I’ve dealt with Aldous Huxley (1894-1963) a number of times before on this blog, noting my opinion that Eyeless in Gaza is his most compassionate novel, while the garrulous and gossipy Point Counter Point is probably the most malicious fun. (I also, for some reason that now escapes me, wrote a post on his early short story collection Mortal Coils). If I were to nominate the Huxley novel that is most interesting because it is also very flawed, my choice would be After Many a Summer. It was published in America under the fuller title After Many a Summer Dies the Swan, both titles coming from lines in Tennyson’s dramatic monologue Tithonus: “And after many a summer dies the swan. / Me only cruel immortality / Consumes.

            Tennyson’s poem is based on the Greek legend of the man who asks for unending life and is granted it, but without the condition that he would remain young and healthy. Consequently Tithonus ages as we all do, but remains alive ancient, sick, in permanent pain; miserable and lamenting; but never knowing the release that death would give.

            Huxley’s novel is about a millionaire wanting never to die.

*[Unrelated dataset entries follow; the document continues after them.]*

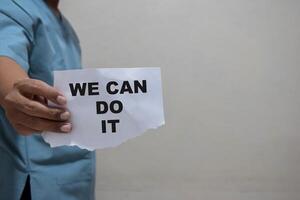 young man showing a piece of paper with the text we can do it written in it photo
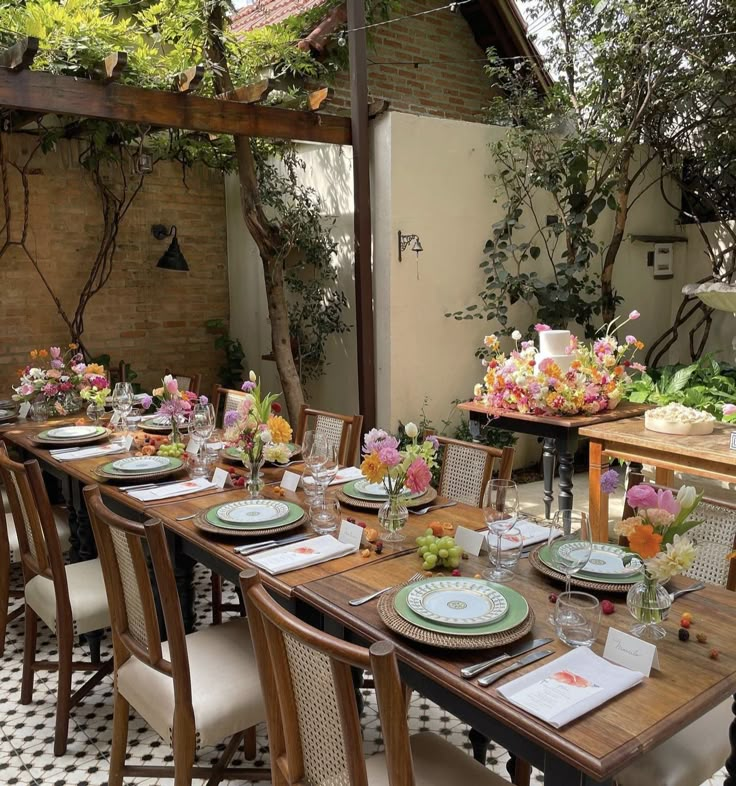 an outdoor dining table set with place settings and flowers in vases on the tables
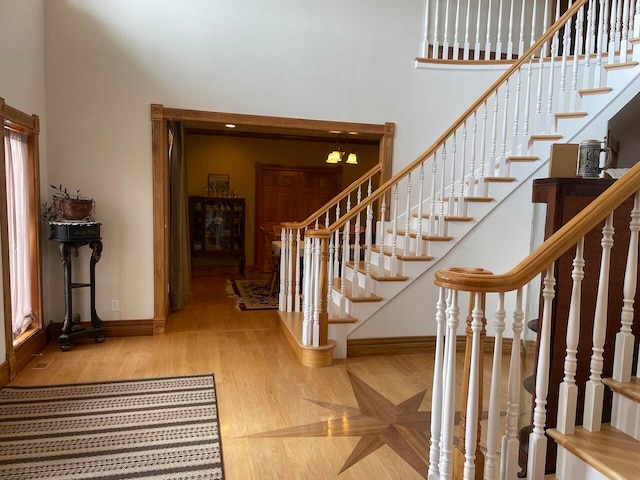 foyer entrance featuring hardwood / wood-style flooring and a towering ceiling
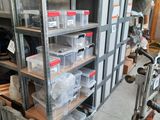 many boxes and boxes on the shelves in the garage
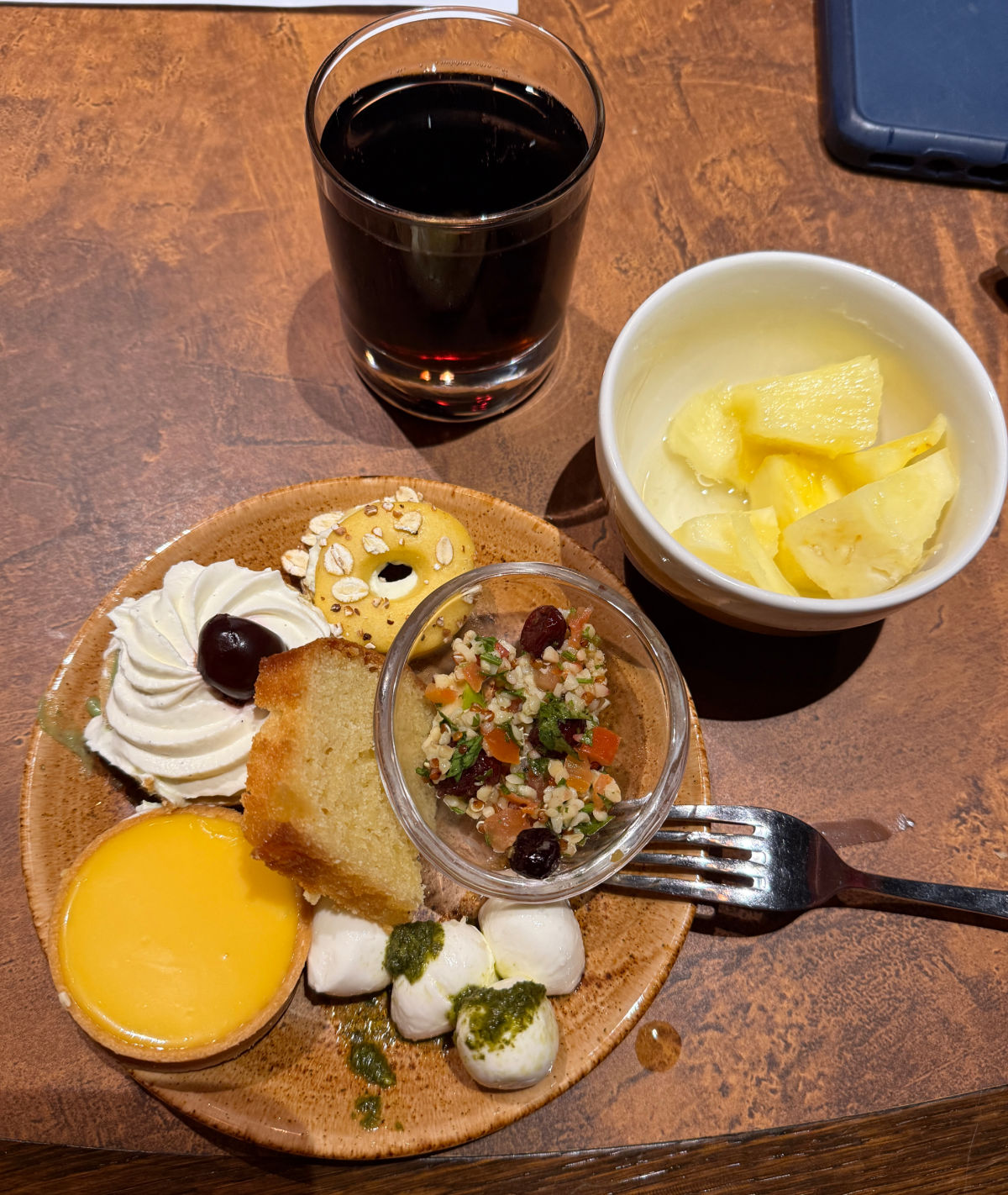 A plate of pastries and snacks next to a bowl of pineapple.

Before I read it, I located (thank you, internet) an American radio adaptation of the novel broadcast in the early 1950s and introduced by the actress Eva Le Gallienne. It was a neat one commercial hour long. Is simplified. It stuck to the essential fable that is buried in Huxley’s novel – a fabulously-wealthy American millionaire wants to achieve physical immortality and invests in a new scientific process to help him do so. But the punch-line shows that this will lead to his reverting to an ape-like animalistic state – all vitality and very little brain. Hence the vanity of human wishes, the fatuity of sheer materialism, the imbecility of clinging to worldly riches; not to mention generous side-swipes at American narcissism.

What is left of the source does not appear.